Architecture in one figure
token x_t
│
▼
┌──────────────────┐
│ Read memory MLP │ forward pass:
│ M_φ_{t-1}(x_t) │ retrieve compressed past
└─────────┬────────┘
│
▼
┌─────────────────────┐
│ Surprise gate │ compute prediction error
│ s_t = ||x_t − x̂_t|| │ (signed; learned threshold)
└─────────┬───────────┘
│
▼
┌─────────────────────┐
│ Inner gradient step │ if s_t large: update φ
│ φ_t = φ_{t-1} │ if s_t small: ~skip (forget gate)
│ − η ∇L(φ; x_t)│
└─────────┬───────────┘
│
▼
┌──────────────────┐
│ Sparse attn │ top-k high-surprise tokens
│ sidecar │ kept verbatim for associative recall
└─────────┬────────┘
│
▼
h_t → FFN → output
The reference implementation in the master prompt's Appendix B is ChunkedTTT — a chunked-parallel TTT that matches the sequential reference to < 10−10 at chunk_size = 1, with bounded approximation error (< 1 % relative) at larger chunk sizes. This is what makes MNEMOSYNE trainable: the inner-loop optimizer is itself amenable to chunked parallel computation, so training cost is comparable to a dense Transformer.
Key contributions
- Neural memory module — a 2-layer MLP per memory layer whose parameters are the recurrent state, updated at every token via a one-step inner gradient.
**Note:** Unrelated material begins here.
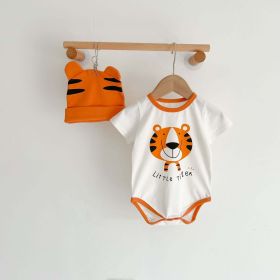 Baby Girl Cartoon Animal Print Round Collar Short-Sleeved Onesies (Size/Age: 100 (2-3Y))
- Surprise-gated write controller — determines how much to update memory based on the prediction error of the current token against current memory.
- Sparse exact-attention fallback — selectively preserves the top-k highest-surprise tokens for verbatim recall. (TTT/Titans consistently shows pure neural memory still loses on associative recall.)
- Chunked-parallel TTT — the marquee technical piece. Makes inner-gradient training amortize across chunks; matches sequential reference at
chunk_size = 1to< 10−10fp64. - Liu-2026 equivalence — TTT-with-KV-binding is mathematically equivalent to a learned linear attention operator. Allows training in a form that admits clean parallelism; interpret as TTT only for understanding and inference.
Phased plan
| Phase | Deliverable | Status |
|---|---|---|
| 0 — Bootstrap | Repo scaffold; reference SequentialTTT and ChunkedTTT | done |
| 1 — Memory MLP + surprise gate | Single memory layer; surprise gating numerically stable | done |
| 2 — Chunked-parallel TTT | Parity test passing; mini-batch trick verified | done |
| 3 — Sparse attention sidecar | Top-k high-surprise token cache (gradient-truncated, K-capped) | done |
| 4 — Full integration | Memory + attention sidecar compose; trained nano on 1B tokens | partial (block + overfit smoke train; not 1B tokens) |
| 5 — Scaling + 256K needle | ≥ 80% needle-in-haystack at 256K with constant decode memory | not started |
| 6 — Paper | Manuscript with streaming-adaptation demonstration | not started |
Required reading
- Sun et al. 2024 — “Learning to (Learn at Test Time): RNNs with Expressive Hidden States”
- Sun et al. 2025 — TTT-E2E (end-to-end test-time-training)
- Behrouz et al. 2025 — Titans: Learning to Memorize at Test Time
- Behrouz et al. 2025 — MIRAS unifying framework (Google Research)
- Liu et al. 2026 — “Test-Time Training with KV Binding Is Secretly Linear Attention”
- Peng et al. 2024 — RWKV-7 “Goose”
- Schlag et al. 2021 — “Linear Transformers Are Secretly Fast Weight Programmers”
- Ba et al. 2016 — “Using Fast Weights to Attend to the Recent Past”
Target marquee result goal — not yet measured
A goal from the spec — not a measured result
256K needle-in-a-haystack ≥ 80 % with constant decode memory; clear streaming-adaptation advantage over a Mamba-2 baseline. This requires GPU-scale training that has not been run.